WORK TO BE COMPLETED ::
Exact transcription of the data below is required, without the images.

Caption-style text data

☆ ☆ ☆ ☆ ☆

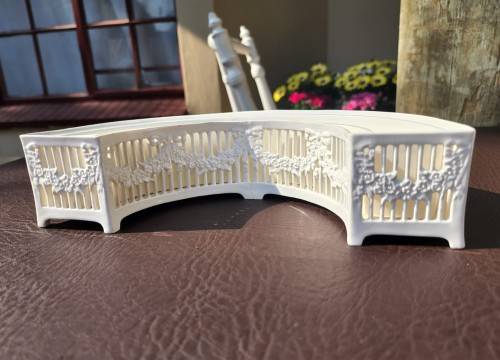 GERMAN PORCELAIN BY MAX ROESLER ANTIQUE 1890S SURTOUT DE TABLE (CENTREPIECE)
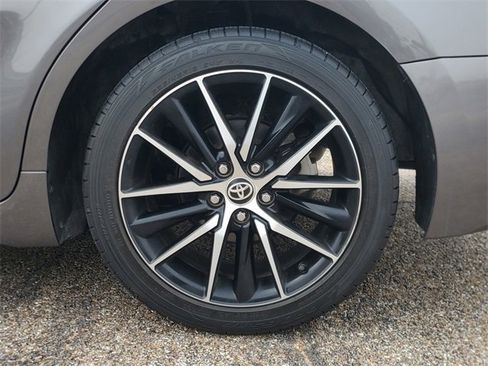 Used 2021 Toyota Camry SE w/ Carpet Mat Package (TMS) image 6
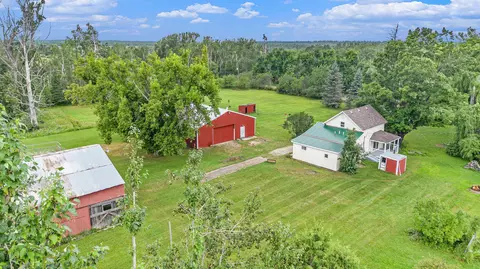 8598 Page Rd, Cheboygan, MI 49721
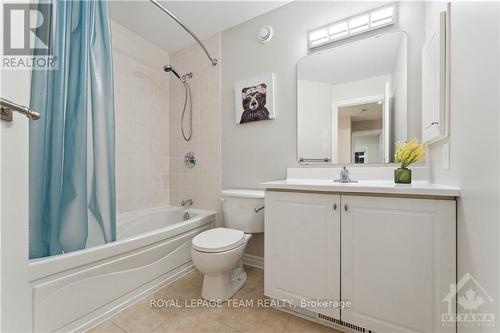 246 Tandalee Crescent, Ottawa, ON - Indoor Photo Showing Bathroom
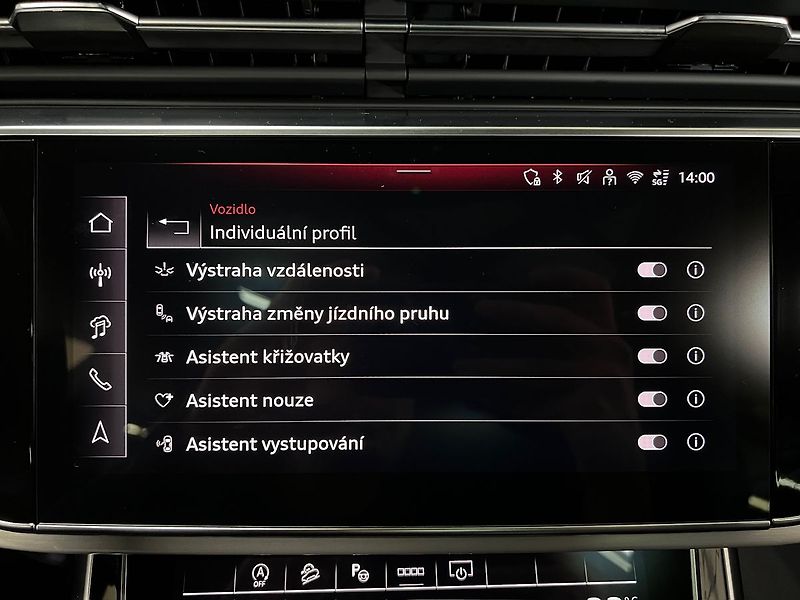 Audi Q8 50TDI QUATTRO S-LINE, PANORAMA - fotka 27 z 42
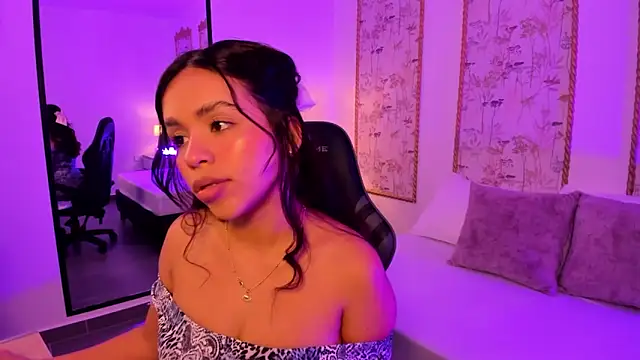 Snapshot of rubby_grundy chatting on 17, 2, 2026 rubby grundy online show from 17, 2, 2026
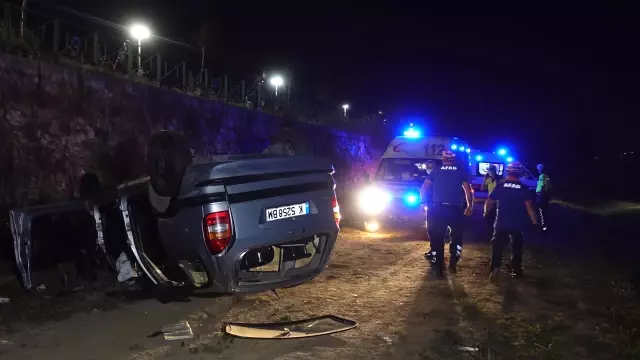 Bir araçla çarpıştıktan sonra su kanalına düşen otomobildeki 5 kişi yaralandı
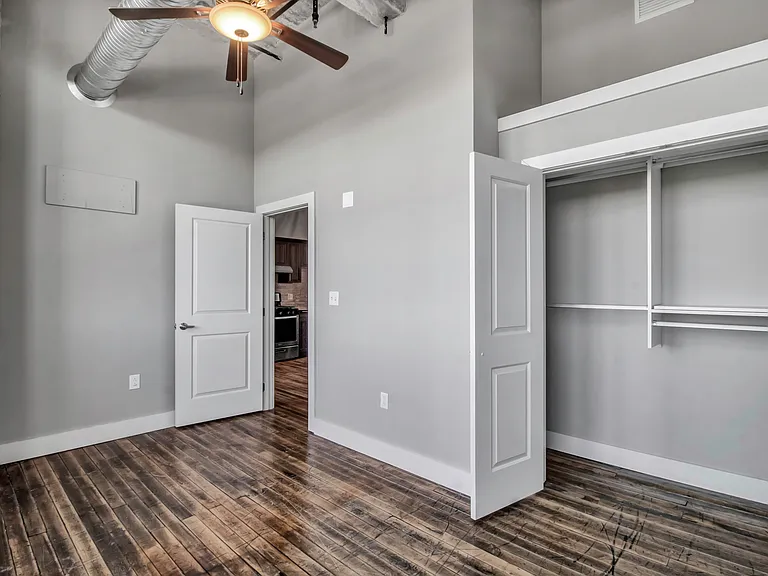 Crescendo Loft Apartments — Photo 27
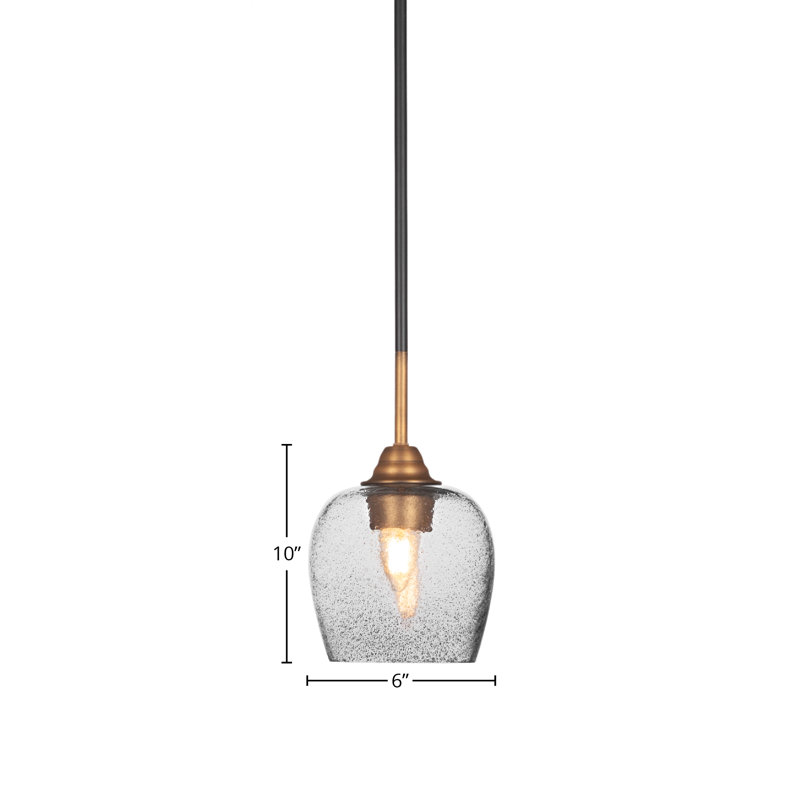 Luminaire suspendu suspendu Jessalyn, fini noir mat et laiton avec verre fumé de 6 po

☆ ☆ ☆ ☆ ☆

RESULT OF THE EXERCISE ::
 GERMAN PORCELAIN BY MAX ROESLER ANTIQUE 1890S SURTOUT DE TABLE (CENTREPIECE)
 Used 2021 Toyota Camry SE w/ Carpet Mat Package (TMS) image 6
 8598 Page Rd, Cheboygan, MI 49721
 246 Tandalee Crescent, Ottawa, ON - Indoor Photo Showing Bathroom
 Audi Q8 50TDI QUATTRO S-LINE, PANORAMA - fotka 27 z 42
 Snapshot of rubby_grundy chatting on 17, 2, 2026 rubby grundy online show from 17, 2, 2026
 Bir araçla çarpıştıktan sonra su kanalına düşen otomobildeki 5 kişi yaralandı
 Crescendo Loft Apartments — Photo 27
 Luminaire suspendu suspendu Jessalyn, fini noir mat et laiton avec verre fumé de 6 po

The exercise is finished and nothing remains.